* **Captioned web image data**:
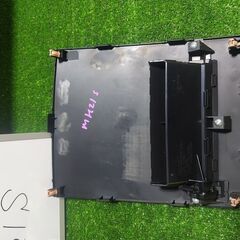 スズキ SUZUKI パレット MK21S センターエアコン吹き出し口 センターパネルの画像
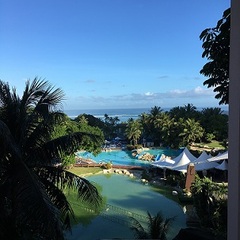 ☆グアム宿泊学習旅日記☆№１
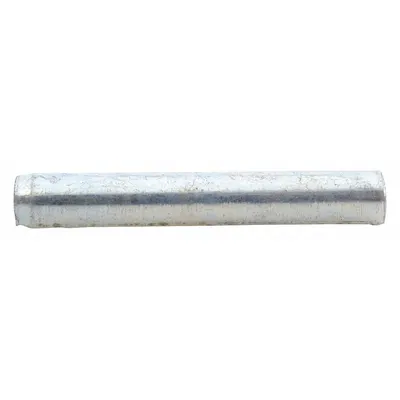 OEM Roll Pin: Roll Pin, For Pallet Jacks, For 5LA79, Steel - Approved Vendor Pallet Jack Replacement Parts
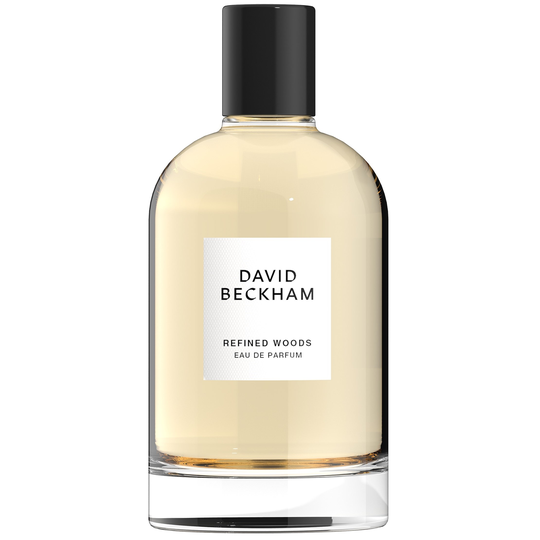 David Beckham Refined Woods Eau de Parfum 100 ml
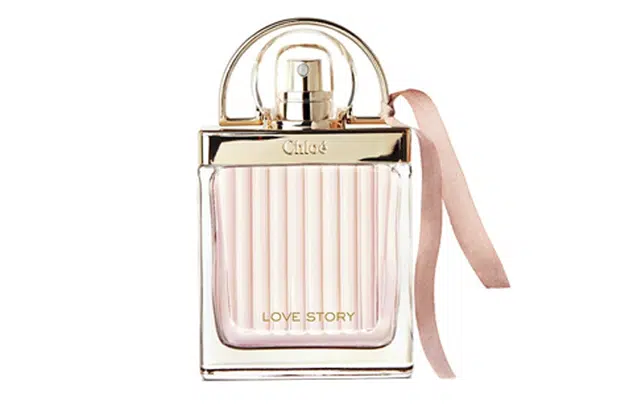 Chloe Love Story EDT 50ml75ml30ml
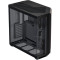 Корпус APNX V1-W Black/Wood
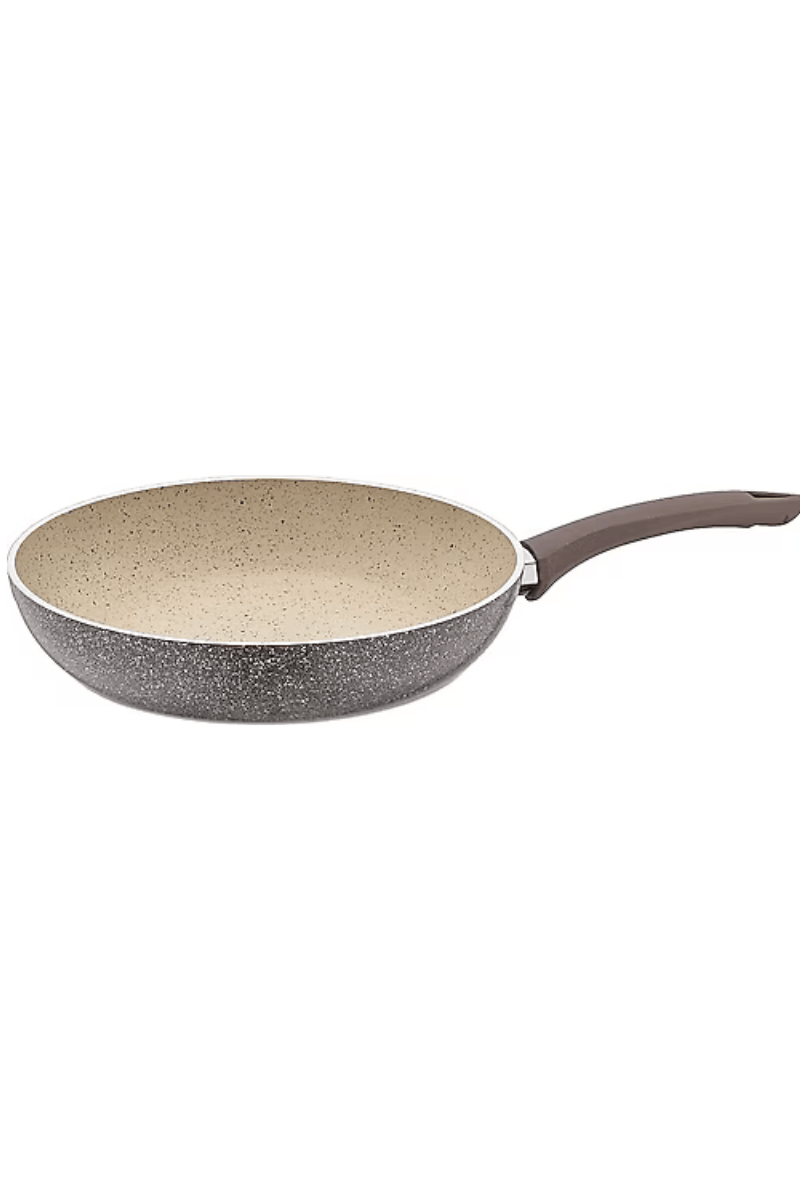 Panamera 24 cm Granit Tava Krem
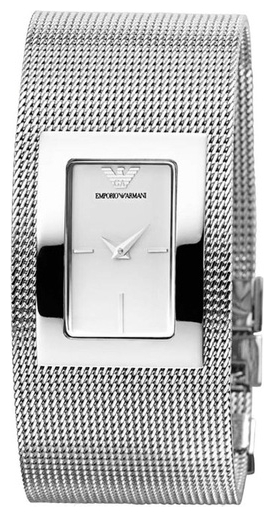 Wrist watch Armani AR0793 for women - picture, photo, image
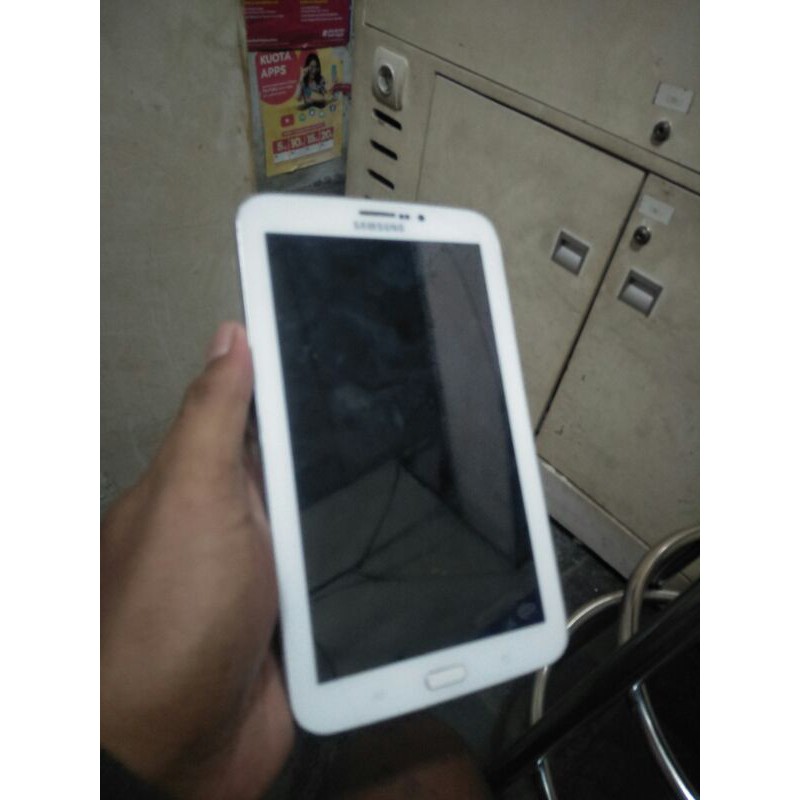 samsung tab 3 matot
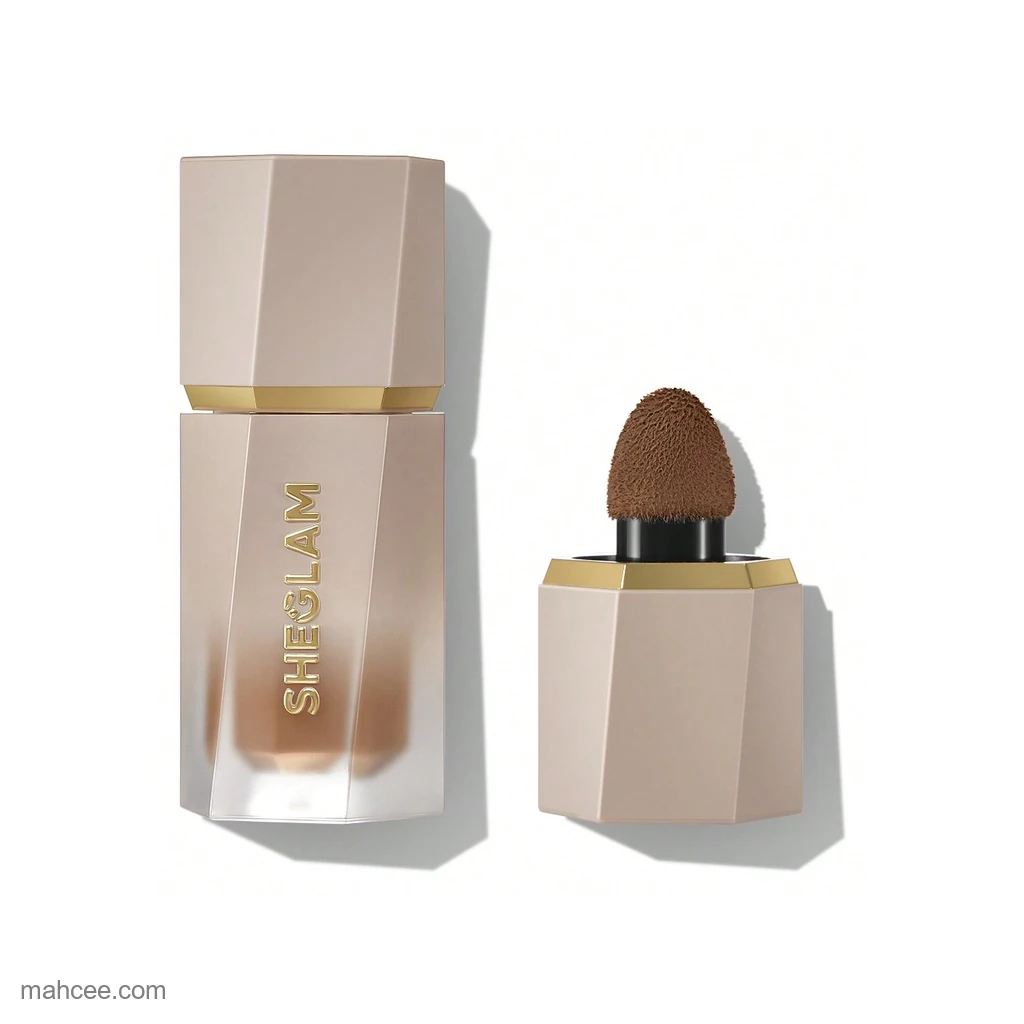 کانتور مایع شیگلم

* **THE TASK**: The answer must be the data above, repeated exactly, with no pictures.

* **RESPONSE BOX**:
 スズキ SUZUKI パレット MK21S センターエアコン吹き出し口 センターパネルの画像
 ☆グアム宿泊学習旅日記☆№１
 OEM Roll Pin: Roll Pin, For Pallet Jacks, For 5LA79, Steel - Approved Vendor Pallet Jack Replacement Parts
 David Beckham Refined Woods Eau de Parfum 100 ml
 Chloe Love Story EDT 50ml75ml30ml
 Корпус APNX V1-W Black/Wood
 Panamera 24 cm Granit Tava Krem
 Wrist watch Armani AR0793 for women - picture, photo, image
 samsung tab 3 matot
 کانتور مایع شیگلم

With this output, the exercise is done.